YOUR TASK:
Scan the entries below, and for each line that includes the word "when", make a copy.

*** Opening of RECORDS SHOWN ***

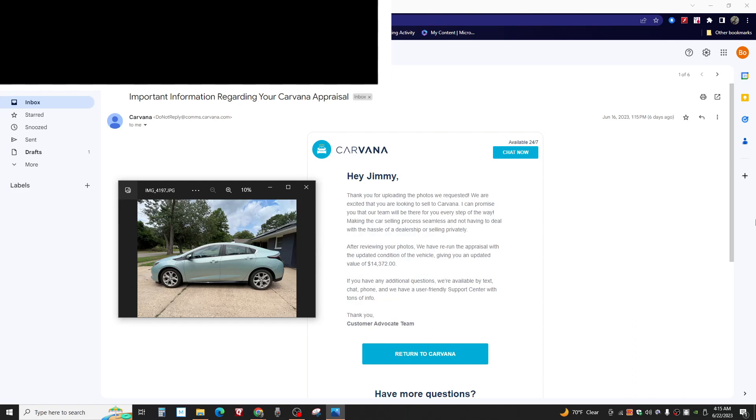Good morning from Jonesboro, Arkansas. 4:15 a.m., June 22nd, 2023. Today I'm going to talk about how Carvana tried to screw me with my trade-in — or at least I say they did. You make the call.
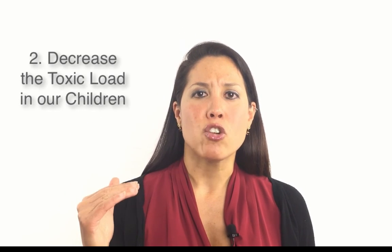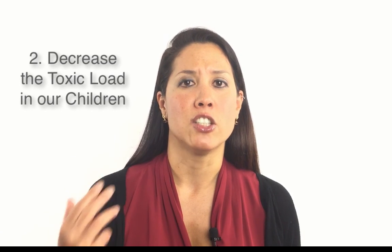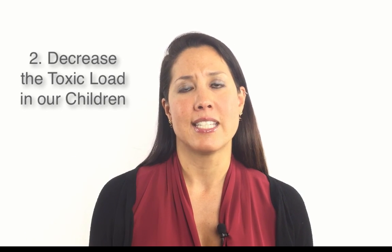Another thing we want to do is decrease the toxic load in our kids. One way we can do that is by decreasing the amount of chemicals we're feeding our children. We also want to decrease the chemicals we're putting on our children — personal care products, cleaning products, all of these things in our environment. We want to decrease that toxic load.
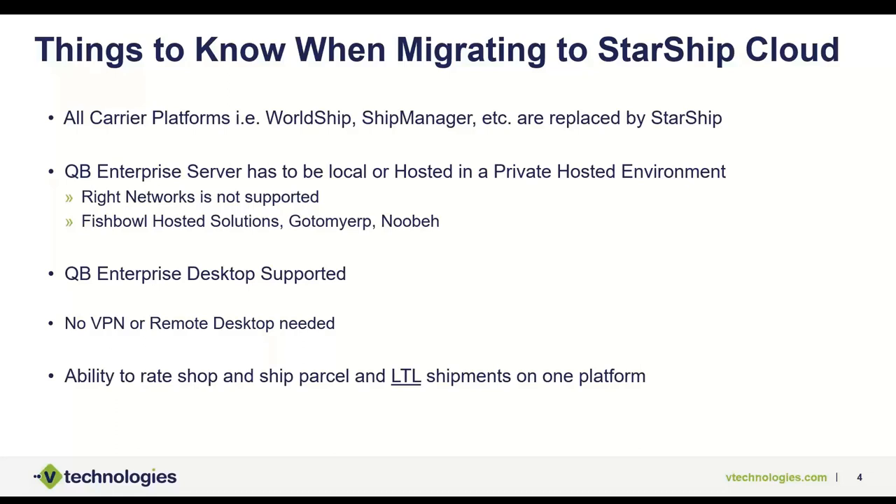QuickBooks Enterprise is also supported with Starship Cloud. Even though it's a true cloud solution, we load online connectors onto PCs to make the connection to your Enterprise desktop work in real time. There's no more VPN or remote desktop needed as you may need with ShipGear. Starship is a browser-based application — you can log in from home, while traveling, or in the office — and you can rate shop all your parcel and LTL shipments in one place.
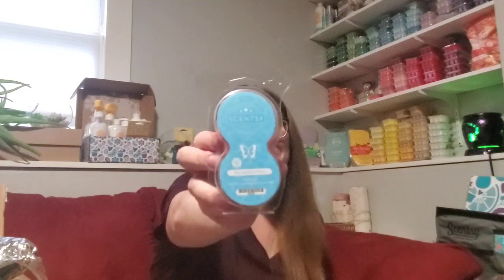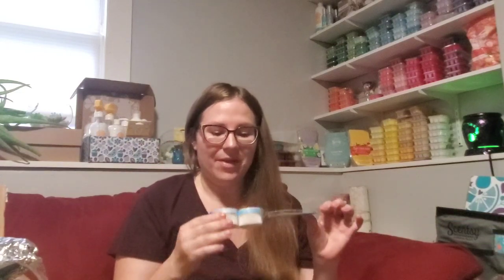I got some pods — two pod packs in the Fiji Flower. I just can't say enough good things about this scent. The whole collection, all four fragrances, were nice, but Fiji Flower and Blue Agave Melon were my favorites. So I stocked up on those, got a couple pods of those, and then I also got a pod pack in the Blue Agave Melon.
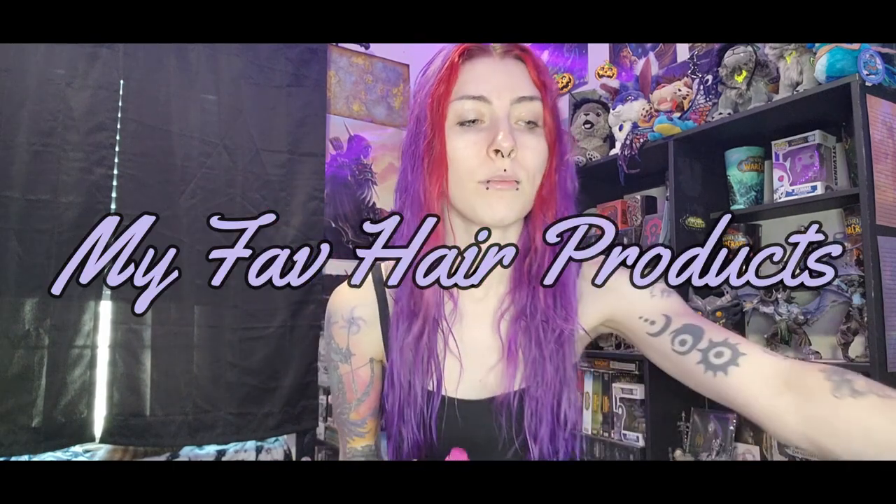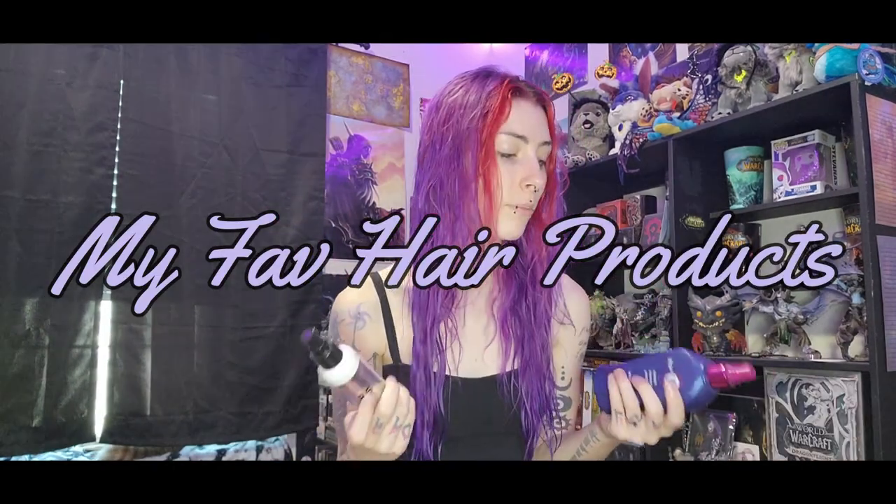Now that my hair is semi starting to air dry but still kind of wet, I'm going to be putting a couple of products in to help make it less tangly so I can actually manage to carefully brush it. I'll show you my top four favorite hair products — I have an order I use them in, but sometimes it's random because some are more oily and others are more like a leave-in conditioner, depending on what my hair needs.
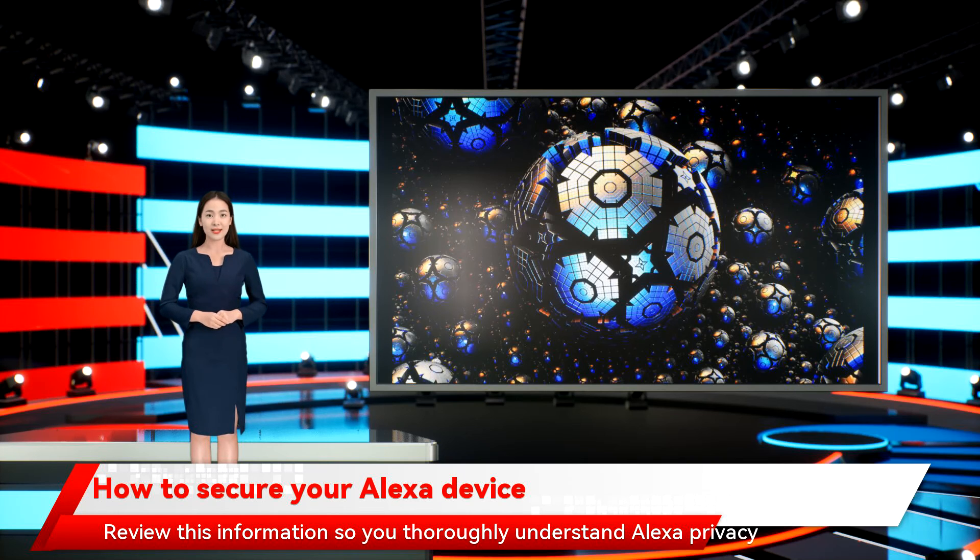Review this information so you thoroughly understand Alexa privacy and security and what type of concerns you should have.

*** Close of RECORDS SHOWN ***
*** Opening of RECORDS SHOWN ***

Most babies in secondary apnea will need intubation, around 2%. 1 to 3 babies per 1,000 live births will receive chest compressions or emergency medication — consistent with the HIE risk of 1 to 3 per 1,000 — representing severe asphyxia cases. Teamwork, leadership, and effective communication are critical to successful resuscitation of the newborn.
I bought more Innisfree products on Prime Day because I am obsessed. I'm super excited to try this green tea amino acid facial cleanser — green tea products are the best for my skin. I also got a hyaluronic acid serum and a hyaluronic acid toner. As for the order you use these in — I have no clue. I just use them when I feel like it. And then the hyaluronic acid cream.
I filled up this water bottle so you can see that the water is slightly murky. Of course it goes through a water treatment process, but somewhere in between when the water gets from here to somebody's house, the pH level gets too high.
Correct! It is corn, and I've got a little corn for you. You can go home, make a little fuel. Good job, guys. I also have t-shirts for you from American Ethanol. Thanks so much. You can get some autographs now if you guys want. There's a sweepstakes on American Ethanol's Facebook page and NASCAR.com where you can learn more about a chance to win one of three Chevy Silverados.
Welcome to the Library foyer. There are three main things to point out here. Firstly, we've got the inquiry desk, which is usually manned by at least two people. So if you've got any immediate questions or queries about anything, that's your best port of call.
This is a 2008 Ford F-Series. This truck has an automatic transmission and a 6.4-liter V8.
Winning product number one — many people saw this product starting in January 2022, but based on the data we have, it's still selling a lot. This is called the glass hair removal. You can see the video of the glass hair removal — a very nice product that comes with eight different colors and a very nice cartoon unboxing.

*** Close of RECORDS SHOWN ***

TASK RESULT:
I bought more Innisfree products on Prime Day because I am obsessed. I'm super excited to try this green tea amino acid facial cleanser — green tea products are the best for my skin. I also got a hyaluronic acid serum and a hyaluronic acid toner. As for the order you use these in — I have no clue. I just use them when I feel like it. And then the hyaluronic acid cream.
I filled up this water bottle so you can see that the water is slightly murky. Of course it goes through a water treatment process, but somewhere in between when the water gets from here to somebody's house, the pH level gets too high.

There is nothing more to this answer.